A simple compiler for a simple functional programming language. Everything is an expression, hence the name for the language; Expressions. The language is a statically typed functional language with inspiration from C, Haskell and Scheme.
The compiler is written in Swift 3.0. The compiler compiles the Expression code to the intermediate language C++.
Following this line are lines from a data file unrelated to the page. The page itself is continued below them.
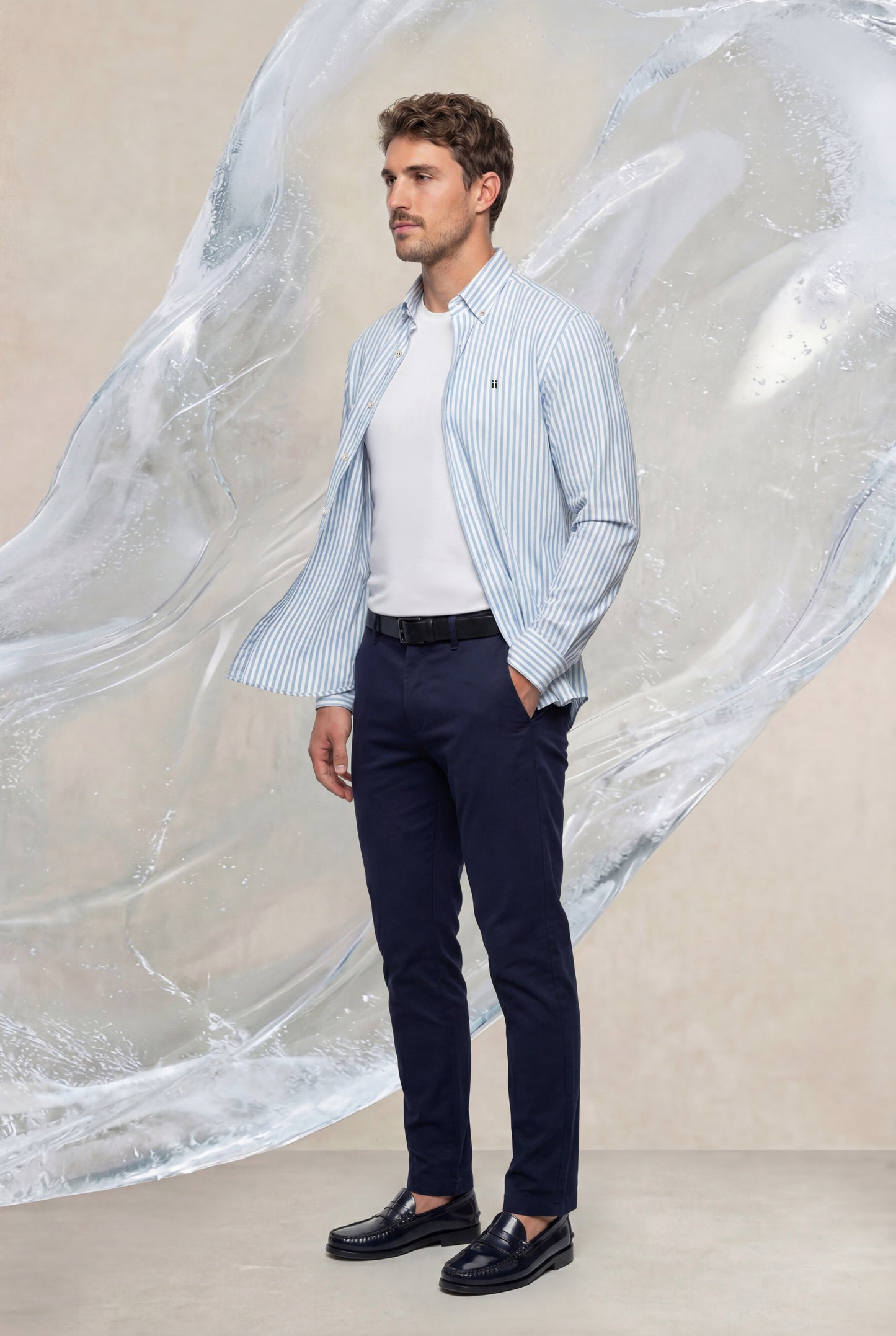 Camisa casual hombre estampado rayas regular Ice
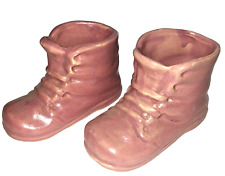Vintage Pair Limoges Miniature Pink Baby Bootie Shoe Figurines Planters picture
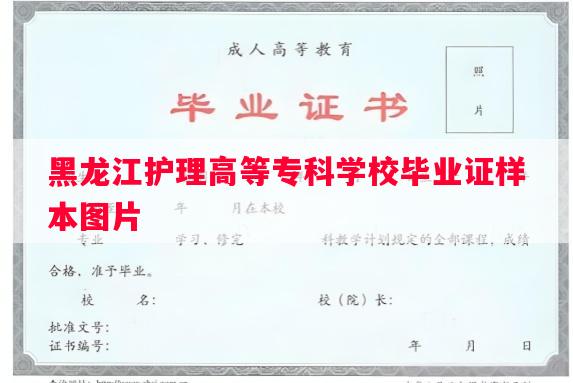 黑龙江护理高等专科学校毕业证样本图片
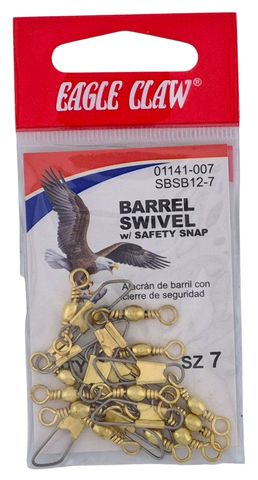 #7 BRASS BARREL SWIVEL W/SAFETY SNAP 12PK   12PK/BX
The EBNF for the language can be found in the project: EBNF.
Working (Somewhat):
Function implementationLet implementationBuilt-in functions(More to come.)Simple typesSwitch implementationListsObjectsSide conditionsFunctions as first-class-citizensGenerics(Simple implementation now)Higher order functions(map, filter implemented)Variadic functionsLambdasModule and import system
ToDo list:
-
Add 'guards'
- Early return system, like how Swift does it
-
Mutable values
- Will require a keyword, as well as a new layer of nesting that reassigns the mutable variable
-
Module system
- Namespaces or modules that allow only importing some functions and types to decrease size and compile time
-
Fix generics
- Should be that every type that is not known by the compiler is presumed to be a generic type, and generated as such
-
User defined functions with side-effects
- For printing and stuff
-
Scope check (Function calls already validated)
-
Validating (Scope check, type check and so on. Currently performed by the C++ compiler)
The compiler consists of four major parts; scanner, parser, validator and code generation, with some tree handling in between phases (Pre-code generation, for example).
The scanner creates tokens from the input source code. The parser determines the code structure and syntactical correctness and creates the program tree. The root node being a 'program', with multiple functions and/or types. The validator will, at some point, validate the scope of variables, and the typechecker will determine if types are correct. Currently, this is mostly handled by the C++ compiler. The code generator traverses the tree created by the parser and produces the C++ intermediate code. This intermediate code is saved on the users desktop in the file intermediate.cpp.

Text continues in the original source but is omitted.